Material for the task below:
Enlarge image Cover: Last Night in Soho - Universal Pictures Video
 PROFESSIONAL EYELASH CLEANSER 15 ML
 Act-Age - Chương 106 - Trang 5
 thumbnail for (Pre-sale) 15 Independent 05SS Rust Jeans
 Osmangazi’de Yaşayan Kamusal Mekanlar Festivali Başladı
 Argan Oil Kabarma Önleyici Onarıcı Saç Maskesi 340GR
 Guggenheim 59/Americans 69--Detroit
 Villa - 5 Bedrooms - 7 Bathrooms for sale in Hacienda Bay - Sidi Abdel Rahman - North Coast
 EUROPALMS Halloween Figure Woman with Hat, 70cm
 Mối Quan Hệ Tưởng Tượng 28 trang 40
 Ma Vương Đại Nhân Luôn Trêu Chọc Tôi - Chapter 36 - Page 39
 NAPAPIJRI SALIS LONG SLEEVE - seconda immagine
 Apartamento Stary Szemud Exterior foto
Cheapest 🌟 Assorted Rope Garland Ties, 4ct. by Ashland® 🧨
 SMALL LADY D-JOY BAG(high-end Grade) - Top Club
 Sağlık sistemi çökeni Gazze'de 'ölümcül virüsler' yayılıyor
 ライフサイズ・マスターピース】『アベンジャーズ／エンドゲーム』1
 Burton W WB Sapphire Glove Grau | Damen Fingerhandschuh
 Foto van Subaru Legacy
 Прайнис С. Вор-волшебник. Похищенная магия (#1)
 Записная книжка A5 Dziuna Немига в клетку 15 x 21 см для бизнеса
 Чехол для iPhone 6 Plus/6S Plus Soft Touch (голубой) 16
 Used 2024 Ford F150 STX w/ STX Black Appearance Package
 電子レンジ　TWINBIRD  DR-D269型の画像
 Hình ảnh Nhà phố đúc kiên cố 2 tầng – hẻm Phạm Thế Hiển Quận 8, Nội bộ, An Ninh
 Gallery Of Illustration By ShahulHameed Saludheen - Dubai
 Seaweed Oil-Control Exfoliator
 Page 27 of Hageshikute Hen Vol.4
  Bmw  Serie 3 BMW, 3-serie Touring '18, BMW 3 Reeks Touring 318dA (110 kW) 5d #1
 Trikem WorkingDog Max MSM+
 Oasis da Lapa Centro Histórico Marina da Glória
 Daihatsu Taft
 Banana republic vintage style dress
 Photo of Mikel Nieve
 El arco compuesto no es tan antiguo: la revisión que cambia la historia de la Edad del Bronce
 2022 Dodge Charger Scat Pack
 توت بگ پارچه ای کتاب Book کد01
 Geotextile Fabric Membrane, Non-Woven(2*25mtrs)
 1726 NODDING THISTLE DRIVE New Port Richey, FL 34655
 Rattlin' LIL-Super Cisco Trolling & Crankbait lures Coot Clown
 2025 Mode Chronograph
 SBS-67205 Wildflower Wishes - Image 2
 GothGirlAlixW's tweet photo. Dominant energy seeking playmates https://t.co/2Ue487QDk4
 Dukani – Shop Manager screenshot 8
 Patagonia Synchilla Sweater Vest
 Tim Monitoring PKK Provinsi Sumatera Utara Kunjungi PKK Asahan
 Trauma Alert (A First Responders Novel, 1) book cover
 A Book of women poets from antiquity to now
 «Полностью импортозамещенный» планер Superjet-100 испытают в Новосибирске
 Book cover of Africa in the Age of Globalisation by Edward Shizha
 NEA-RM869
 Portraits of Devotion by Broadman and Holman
End of Material for the task.
**Problem to work on:** What is needed here is an exact reproduction of all the entries.

**Solution to the exercise:**
Enlarge image Cover: Last Night in Soho - Universal Pictures Video
 PROFESSIONAL EYELASH CLEANSER 15 ML
 Act-Age - Chương 106 - Trang 5
 thumbnail for (Pre-sale) 15 Independent 05SS Rust Jeans
 Osmangazi’de Yaşayan Kamusal Mekanlar Festivali Başladı
 Argan Oil Kabarma Önleyici Onarıcı Saç Maskesi 340GR
 Guggenheim 59/Americans 69--Detroit
 Villa - 5 Bedrooms - 7 Bathrooms for sale in Hacienda Bay - Sidi Abdel Rahman - North Coast
 EUROPALMS Halloween Figure Woman with Hat, 70cm
 Mối Quan Hệ Tưởng Tượng 28 trang 40
 Ma Vương Đại Nhân Luôn Trêu Chọc Tôi - Chapter 36 - Page 39
 NAPAPIJRI SALIS LONG SLEEVE - seconda immagine
 Apartamento Stary Szemud Exterior foto
Cheapest 🌟 Assorted Rope Garland Ties, 4ct. by Ashland® 🧨
 SMALL LADY D-JOY BAG(high-end Grade) - Top Club
 Sağlık sistemi çökeni Gazze'de 'ölümcül virüsler' yayılıyor
 ライフサイズ・マスターピース】『アベンジャーズ／エンドゲーム』1
 Burton W WB Sapphire Glove Grau | Damen Fingerhandschuh
 Foto van Subaru Legacy
 Прайнис С. Вор-волшебник. Похищенная магия (#1)
 Записная книжка A5 Dziuna Немига в клетку 15 x 21 см для бизнеса
 Чехол для iPhone 6 Plus/6S Plus Soft Touch (голубой) 16
 Used 2024 Ford F150 STX w/ STX Black Appearance Package
 電子レンジ　TWINBIRD  DR-D269型の画像
 Hình ảnh Nhà phố đúc kiên cố 2 tầng – hẻm Phạm Thế Hiển Quận 8, Nội bộ, An Ninh
 Gallery Of Illustration By ShahulHameed Saludheen - Dubai
 Seaweed Oil-Control Exfoliator
 Page 27 of Hageshikute Hen Vol.4
  Bmw  Serie 3 BMW, 3-serie Touring '18, BMW 3 Reeks Touring 318dA (110 kW) 5d #1
 Trikem WorkingDog Max MSM+
 Oasis da Lapa Centro Histórico Marina da Glória
 Daihatsu Taft
 Banana republic vintage style dress
 Photo of Mikel Nieve
 El arco compuesto no es tan antiguo: la revisión que cambia la historia de la Edad del Bronce
 2022 Dodge Charger Scat Pack
 توت بگ پارچه ای کتاب Book کد01
 Geotextile Fabric Membrane, Non-Woven(2*25mtrs)
 1726 NODDING THISTLE DRIVE New Port Richey, FL 34655
 Rattlin' LIL-Super Cisco Trolling & Crankbait lures Coot Clown
 2025 Mode Chronograph
 SBS-67205 Wildflower Wishes - Image 2
 GothGirlAlixW's tweet photo. Dominant energy seeking playmates https://t.co/2Ue487QDk4
 Dukani – Shop Manager screenshot 8
 Patagonia Synchilla Sweater Vest
 Tim Monitoring PKK Provinsi Sumatera Utara Kunjungi PKK Asahan
 Trauma Alert (A First Responders Novel, 1) book cover
 A Book of women poets from antiquity to now
 «Полностью импортозамещенный» планер Superjet-100 испытают в Новосибирске
 Book cover of Africa in the Age of Globalisation by Edward Shizha
 NEA-RM869
 Portraits of Devotion by Broadman and Holman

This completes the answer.